One of the findings of this research was how the experience of being interviewed conflicted with the expectations of most boys and the surprise and pleasure many boys expressed at being able to talk at length about their feelings and relationships. This was in part because they imagined the interviewer would be more like a didactic teacher figure, firing questions, putting them on the spot, and sitting at the top of the table, rather than in a circle. This caricature of the interviewer, informed by media representations and a societal context in which children rarely discuss their lives with adults, is one that school-based researchers frequently have to overcome. Other researchers conducting school-based ethnographies and interviews have reflected on how they came to be seen by pupils not as figures of authority in the way they positioned teachers (see e.g., Kehily and Nayak 1996; Thorne 1993; Davies 2003).
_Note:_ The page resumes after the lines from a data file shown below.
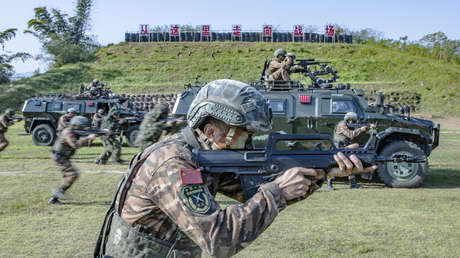 Alto general chino advierte de una nueva "guerra híbrida"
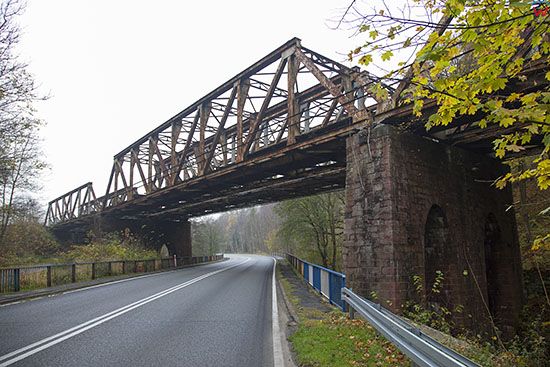 Ludwikowice Klodzkie, wiadukt kolejowy nad droga nr 381. EU, PL, Dolnoslaskie.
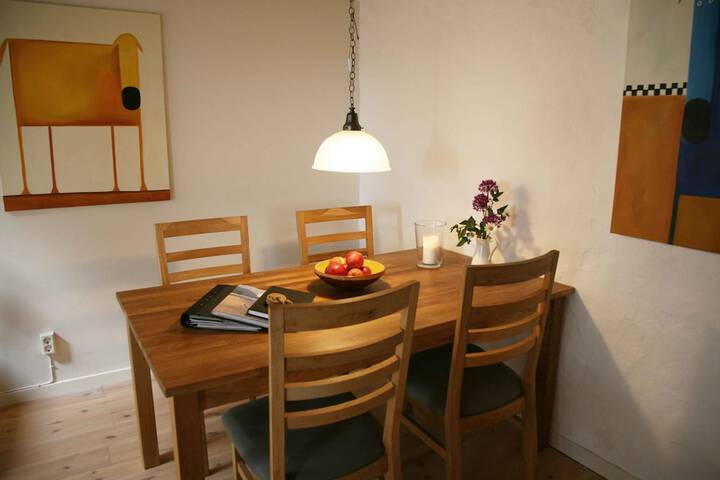 Room 85 of 189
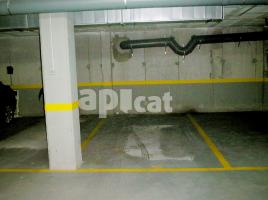 Parking, 12.00 m², almost new, Avenida de Fenals, 35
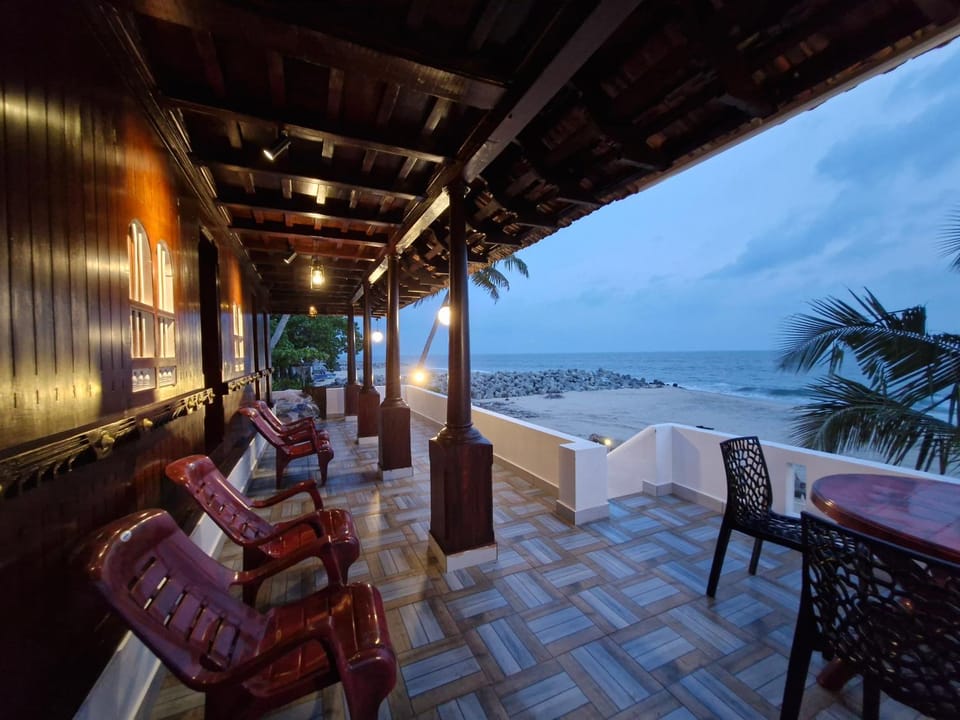 Natural landscape, View (from property/room), Balcony/Terrace, Living room, Seating area, Beach, Sea view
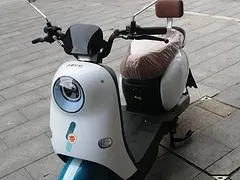 个人买一年自用的九成新电动车出售60V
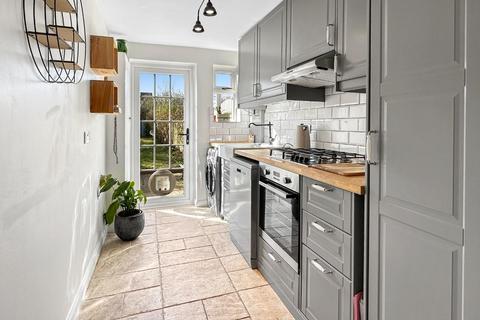 51 Brookfields, Cambridge, CB1 3NZ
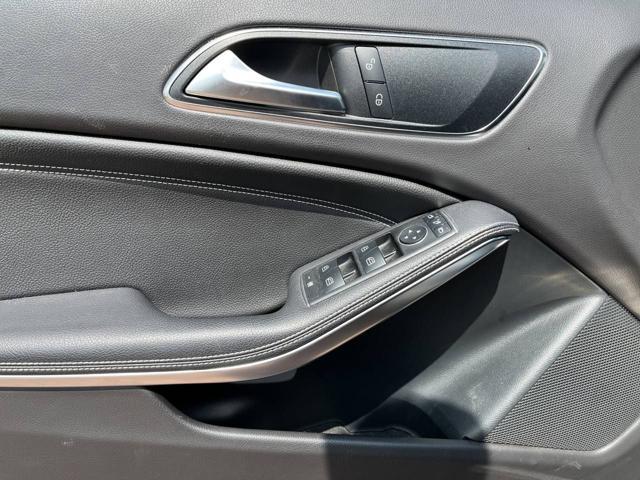MERCEDES-BENZ GLA 180 Sport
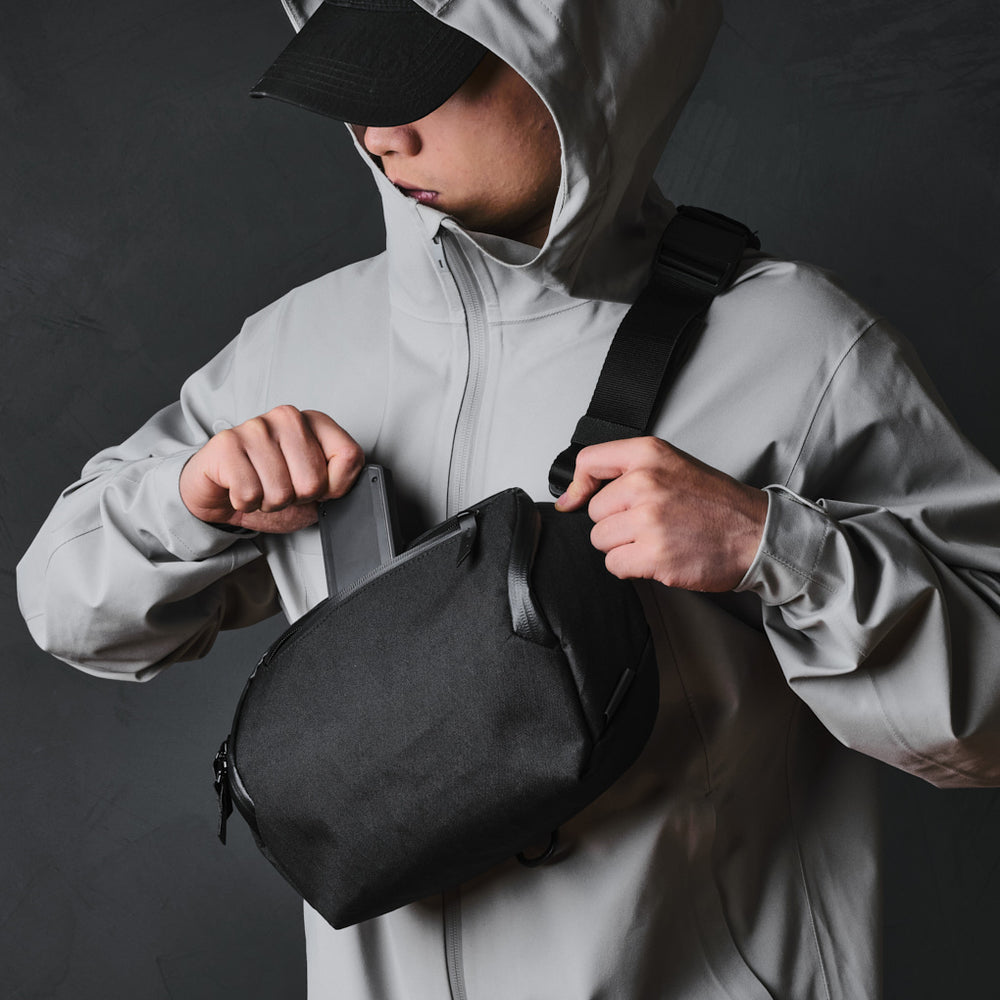 Vertex Pouch - Storming Gravity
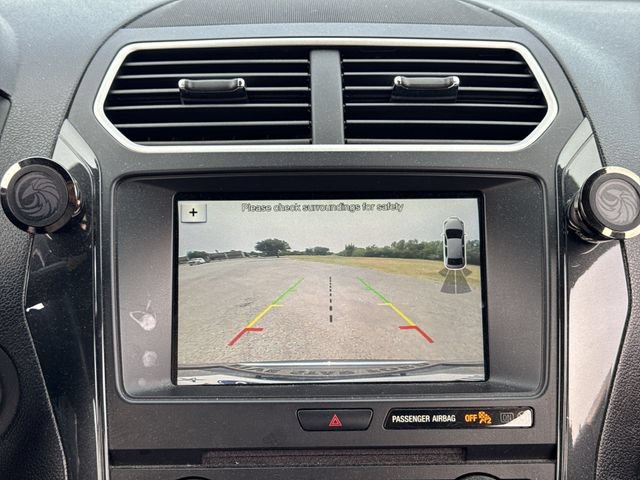 Certified 2018 Ford Explorer XLT w/ Equipment Group 201A FWD image 17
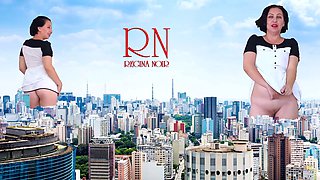 Giantess Regina Noir confidently struts through the city without underwear, towering like King Kong!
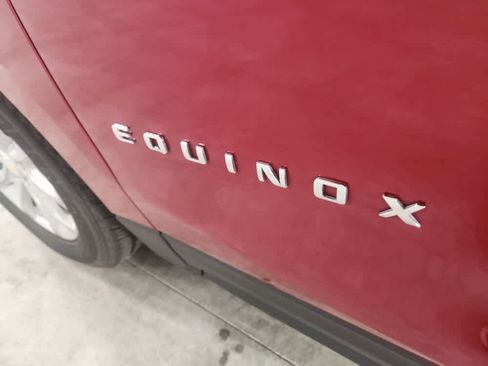 Used 2019 Chevrolet Equinox LT FWD image 12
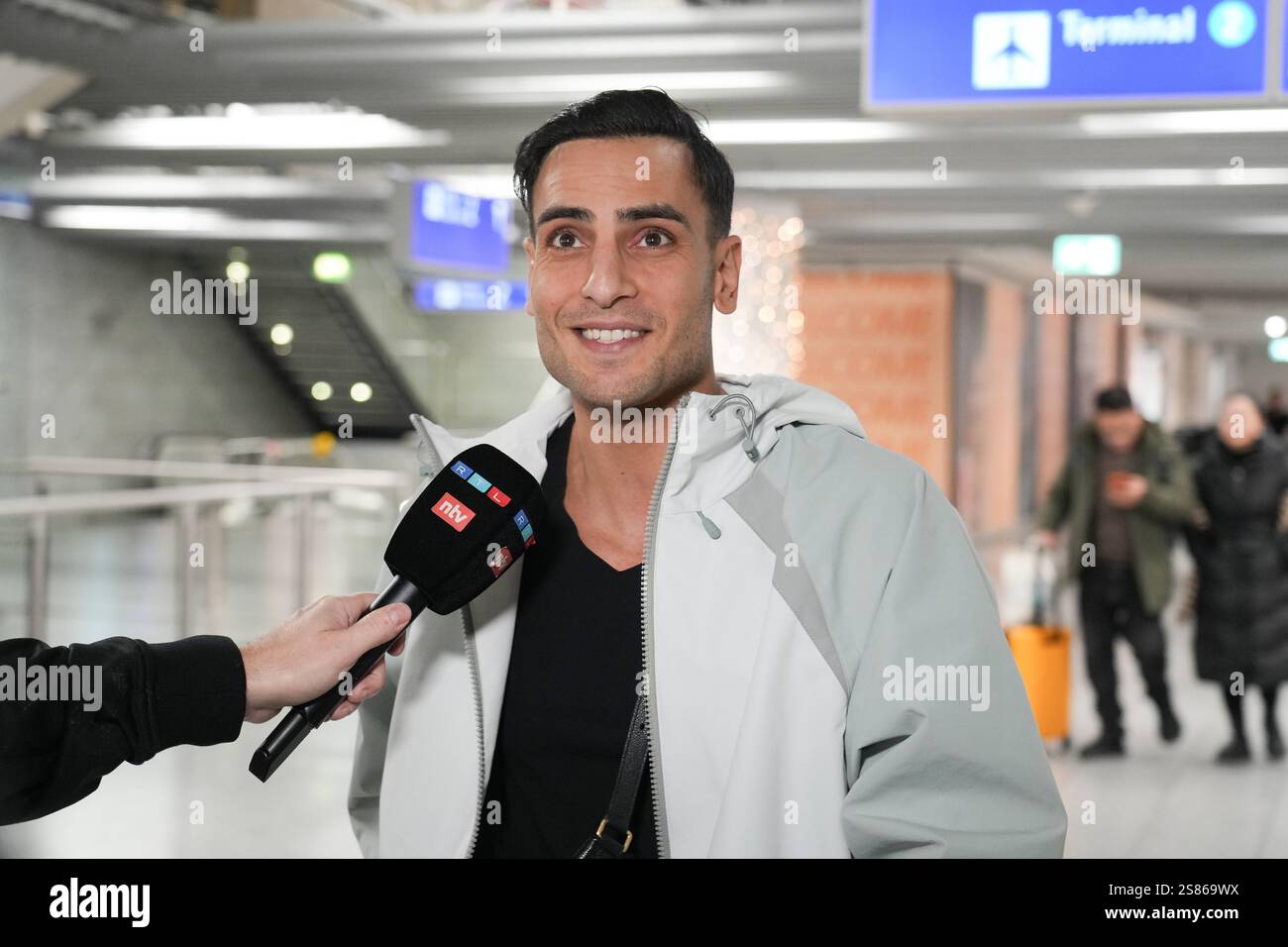 RTL Dschungelcamp - Frankfurt 2025. Timur Ülker beim Abflug ins RTL Dschungelcamp 2025 am Flughafen Frankfurt. Frankfurter Flughafen Hessen *** RTL Jungle Camp Frankfurt 2025 Timur Ülker startet zum RTL Jungle Camp 2025 am Frankfurter Flughafen Hessen Stockfoto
Frosh et al. are critical of the view that interviews simply present opportunities for people to put into words thoughts and feelings they already have, and draw attention to processes of identity construction going on in the interviews. They focus on how boys produce versions of themselves as they talk, and they address the interviewer (myself) not just as a facilitator but a co-constructor (Hollway and Jefferson 2004) who influences the conversation by his very presence as a particular kind of man, pursuing certain topics the boys raise, challenging them on specific issues, and communicating certain emotions.

Another key finding reported in the research concerns how different boys were in terms of what they said and how they behaved in the individual and group interviews which were conducted.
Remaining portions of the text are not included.